There is no maneuver to lower your dividend income. However, you do get a dividend tax credit for Canadian eligible dividends. The amount of credit you get is determined by the amount of (Canadian eligible) dividends that you earned during the year. For me, the total amount of dividends that I collected in my non-Registered investment account for the year is about $24,000. I can see my tax bill inflating pretty quickly already.
One of the benefits of getting these dividends on a regular basis is the added cash flow. I can comfortably pay for my investment loans on a monthly basis without any added stress to my budget. Simply put, my investments are paying for itself.
Since I borrow about $700,000 at 2.59% per annum, my interest cost is about $18,130 (=$700,000 * 0.0259) per year. On top of that, I also invest with a margin account for my U.S. stocks and the interest can add up to about $10,000 Canadian per year. Hence, I get to deduct about $28,130 from my income at the highest tax bracket. If I can lower my capital gain to about $0, then I will get a huge tax refund (my highest combined tax rate is 43%). The trick I use is in the next section.
When you buy a basket of stocks, there’s a very high chance that you will have a loser or two in your picks. Even the best stock pickers still have losers in their portfolio so don’t feel bad if you have a couple of losers in yours. I also have a few losers too. It sucks when that happened, but it’s unavoidable. Just minimize the number of losers and play the percentage game. If your stock picking success rate is 65% or above, you’re in great shape.
It’s really painful for me to write this section, but I need to make myself accountable for my mistakes. I just have to treat this as an expensive $65,000 lesson learned for this year. Due to the terrible oil price and excessive supplies for the last three years, my investment in the oil sector lost about 75% of its value. This cost me more than $65K in losses so I sold my stocks in this sector to offset my capital gains.
Ideally, I’d like to have zero losses and would be happy to pay my fair share of income taxes. Unfortunately, I am not perfect and made quite a few mistakes. Hopefully, I will make fewer mistakes and be able to balance my portfolio better in the future. Due to my $65,000 lesson, I am rating this category with a “need improvement” rating.
2017 Year-end Overall Performance
Overall, this year has been a great year from a net worth growth perspective. Anytime when my net worth grows over a $100K or more than 10% year-over-year, I am satisfied with these results. On the other hand, I am only content with a reasonable annual return of 7% from my investments, but not satisfied. Every year, my investment goal is to beat both the Candian’s S & P TSX Index and the U.S.’s S & P 500 index. Unfortunately, my performance only exceeded the Candian’s S & P TSX Index and lags the U.S.’s S & P 500 index by more than 10%.

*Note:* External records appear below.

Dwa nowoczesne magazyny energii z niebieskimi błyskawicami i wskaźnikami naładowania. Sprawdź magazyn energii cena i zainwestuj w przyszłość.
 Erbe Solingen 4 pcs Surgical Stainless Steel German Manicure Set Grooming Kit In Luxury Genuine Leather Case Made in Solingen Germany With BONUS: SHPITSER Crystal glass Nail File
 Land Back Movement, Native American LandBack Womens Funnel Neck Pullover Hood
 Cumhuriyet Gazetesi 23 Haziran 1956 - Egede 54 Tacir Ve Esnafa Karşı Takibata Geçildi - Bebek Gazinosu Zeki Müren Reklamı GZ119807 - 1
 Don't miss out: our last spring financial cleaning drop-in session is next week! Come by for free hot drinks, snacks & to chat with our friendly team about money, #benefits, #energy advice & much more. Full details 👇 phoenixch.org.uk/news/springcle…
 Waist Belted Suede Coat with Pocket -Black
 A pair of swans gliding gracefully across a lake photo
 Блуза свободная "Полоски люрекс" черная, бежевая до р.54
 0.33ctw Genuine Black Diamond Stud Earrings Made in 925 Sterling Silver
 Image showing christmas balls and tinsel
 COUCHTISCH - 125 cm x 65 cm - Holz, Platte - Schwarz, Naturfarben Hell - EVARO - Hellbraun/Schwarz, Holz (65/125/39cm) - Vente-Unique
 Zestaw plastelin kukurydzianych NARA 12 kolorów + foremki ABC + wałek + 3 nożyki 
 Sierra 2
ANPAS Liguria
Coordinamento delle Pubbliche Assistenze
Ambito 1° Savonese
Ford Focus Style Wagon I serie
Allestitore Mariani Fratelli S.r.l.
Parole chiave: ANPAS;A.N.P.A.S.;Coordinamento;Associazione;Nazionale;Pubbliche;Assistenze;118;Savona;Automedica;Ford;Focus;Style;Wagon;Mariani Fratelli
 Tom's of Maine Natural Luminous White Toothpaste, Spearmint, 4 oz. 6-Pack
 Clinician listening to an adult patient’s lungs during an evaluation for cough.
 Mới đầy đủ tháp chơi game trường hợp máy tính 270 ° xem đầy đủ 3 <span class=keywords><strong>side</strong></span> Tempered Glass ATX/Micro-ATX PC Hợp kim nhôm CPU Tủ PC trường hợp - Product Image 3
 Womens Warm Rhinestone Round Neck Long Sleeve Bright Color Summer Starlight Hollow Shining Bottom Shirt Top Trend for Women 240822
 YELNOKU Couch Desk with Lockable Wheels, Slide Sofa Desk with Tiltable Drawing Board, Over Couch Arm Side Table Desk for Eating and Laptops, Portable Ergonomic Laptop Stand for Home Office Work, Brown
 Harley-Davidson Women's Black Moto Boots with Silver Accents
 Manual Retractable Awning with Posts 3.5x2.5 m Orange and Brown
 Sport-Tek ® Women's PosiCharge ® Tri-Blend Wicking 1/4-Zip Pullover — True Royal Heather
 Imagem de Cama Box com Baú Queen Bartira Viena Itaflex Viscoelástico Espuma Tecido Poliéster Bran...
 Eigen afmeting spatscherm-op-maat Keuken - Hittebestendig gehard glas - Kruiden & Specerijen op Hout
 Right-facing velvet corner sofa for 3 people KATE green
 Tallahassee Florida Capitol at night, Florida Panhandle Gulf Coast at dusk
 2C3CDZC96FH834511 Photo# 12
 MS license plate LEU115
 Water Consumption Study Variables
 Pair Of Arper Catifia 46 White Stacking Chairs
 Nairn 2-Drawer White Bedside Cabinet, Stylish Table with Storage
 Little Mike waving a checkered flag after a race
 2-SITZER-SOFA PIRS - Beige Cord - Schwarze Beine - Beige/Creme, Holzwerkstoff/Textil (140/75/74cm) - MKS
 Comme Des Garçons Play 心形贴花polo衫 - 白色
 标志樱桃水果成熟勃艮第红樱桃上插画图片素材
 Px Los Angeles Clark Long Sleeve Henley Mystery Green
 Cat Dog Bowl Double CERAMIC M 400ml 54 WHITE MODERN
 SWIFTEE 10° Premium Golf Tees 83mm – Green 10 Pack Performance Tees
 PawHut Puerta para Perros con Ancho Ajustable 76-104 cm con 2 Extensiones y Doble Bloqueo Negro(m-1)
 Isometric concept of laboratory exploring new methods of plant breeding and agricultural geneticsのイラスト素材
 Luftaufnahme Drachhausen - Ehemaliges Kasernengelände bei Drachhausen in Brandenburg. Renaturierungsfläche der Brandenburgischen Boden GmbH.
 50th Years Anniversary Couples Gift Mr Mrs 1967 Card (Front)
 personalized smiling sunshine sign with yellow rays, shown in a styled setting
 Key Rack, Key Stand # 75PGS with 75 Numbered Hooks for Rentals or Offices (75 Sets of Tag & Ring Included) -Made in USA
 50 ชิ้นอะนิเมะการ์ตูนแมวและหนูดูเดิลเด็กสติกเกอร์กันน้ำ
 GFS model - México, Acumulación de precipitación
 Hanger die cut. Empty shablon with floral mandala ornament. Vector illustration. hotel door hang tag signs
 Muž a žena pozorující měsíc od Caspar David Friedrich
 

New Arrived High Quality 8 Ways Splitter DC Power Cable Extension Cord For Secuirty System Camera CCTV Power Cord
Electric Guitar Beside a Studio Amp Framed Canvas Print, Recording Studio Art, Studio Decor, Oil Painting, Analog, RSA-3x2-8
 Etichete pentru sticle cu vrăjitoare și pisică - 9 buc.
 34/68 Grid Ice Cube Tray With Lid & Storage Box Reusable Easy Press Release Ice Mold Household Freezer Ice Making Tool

Every year, there is only one number that matters to me – my net worth. Regardless of what happened in each of the categories, the bar is set at 10% net worth increase. If my net worth increased above this number, then I’ve exceeded my own expectation. Anything less than 10% is not meeting my expectation. As a result, the 16.8% increase in my net worth deserves an “exceed expectation” rating.
Financial Goals For 2018
I can’t end the year with no goals for next year, that’ll be irresponsible of me and no one will slap me around if I didn’t meet expectation next year. So here are my Freedom 48 goals for 2018.
1) Increase my net worth by 10% in 2018 ==> $1,500,000
2) Maximize the contributions to registered saving accounts for the family
A) TFSA = $11,000
B) RESP = $5,000
C) RRSP = $17,000
D) Total Savings = $75,000
3) Build another $10,000 family vacation fund
So readers, how often do you conduct your net worth calculation? What financial goals do you set for yourself in 2018? How do you balance your current lifestyle with saving for the future?